From 1620 until 1781 Protestantism was entirely suppressed. “But,” as Mr. Dusék writes, “it had so tenacious a hold of the mind of the nation, that it required most excruciating measures and repeated stabs ere its influence fainted and the nation fell into a deathlike swoon. In 1650 Protestantism was stamped a crime like murder and high treason; then the doors of jails opened again, and new emigrations followed each other. As late as 1735 thousands of Protestants from Bohemia perished in the mines of Transylvania, and countless Protestant youths, sentenced to perpetual military service, fell struck by the bullets of the Jannisaries on the banks of the Danube.” During this period of 160 years, the Bohemian nation, crippled and enchained, make no appearance in European affairs, although many of the battles of the Thirty Years’ and Seven Years’ Wars were fought upon Bohemia’s fertile plains.

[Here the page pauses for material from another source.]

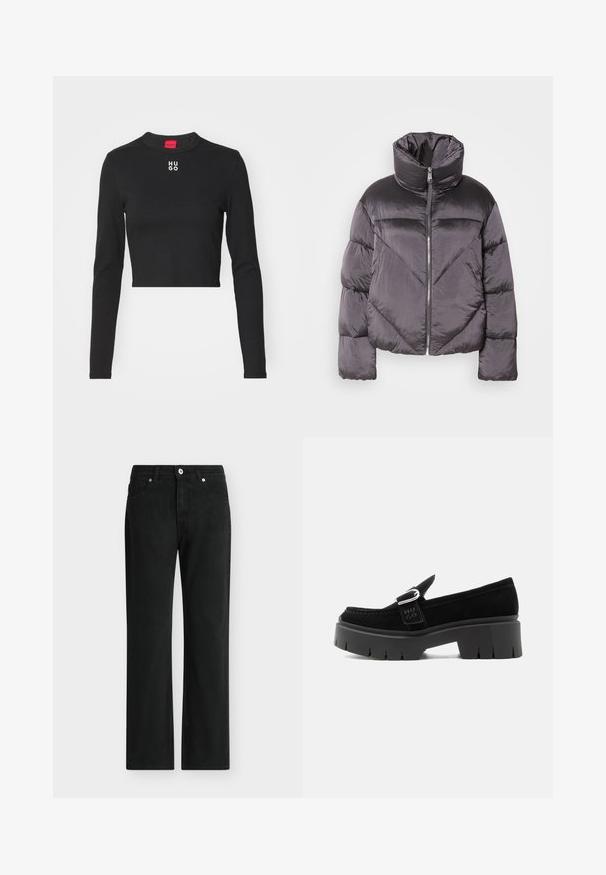 Puffjakke i mørkegrå, med høj krave, blankt materiale, chevronmønster og frontlynlås. Korte, polstrede ærmer.; Sort langærmet cropped top lavet af glat stof, med rund hals og hvid "HUGO" logo på brystet.; Sorte jeans med lige ben, foran med knap og lynlås, design med fem lommer og bæltestropper.; Sort ruskindslipper med kraftig sål, sølvspænde og præget "HUGO" på sidesnoren, vist fra ydersiden.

In 1781, the Emperor Joseph II., son of Maria Theresa, who had previously expelled the Jesuits from the Austrian dominions, issued his famous edict of toleration, under which a certain measure of liberty was again accorded to Protestantism; and this was the dawning of a better day. He, however, continued the attempt of his predecessors to Germanise the Bohemians, a policy which Austria has ever since pursued, blind to the fact that, if she succeeded, the inevitable result would be that Bohemia would fall to Germany, as Saxony did in the war of 1866. This effort to cast all Austria in a German mould was Joseph’s fatal mistake, and stifled his well-meaning but crudely attempted reforms.

The immediate occasion of the edict was a striking incident. In the heights of the Carpathians, in Moravia, two Jesuit missionaries promulgated a forged edict by Maria Theresa, which promised religious liberty, their object being to ascertain how many heretics still existed. They outwitted themselves, however, for sixty towns and villages started like one man, and proclaimed themselves Protestants. Neither soldiers, gallows, nor prison could stop such a movement. Some of the peasants sought a personal audience with Joseph, and placed a petition in his hands. The true edict was published shortly after.

  1. It is curious to note, in passing, that our ladies are indebted to her for the introduction of the side-saddle into this country.
  2. Although the old Unitas divided the ministry into three grades or orders—viz. bishops (seniors), presbyters, and deacons, as the Moravian Brethren still do, Synods formed legislative, and Boards of Elders the executive, powers of the Church. The bishops’ special function is merely to ordain, and they do not appear to have had any jurisdiction or authority over the other ministers.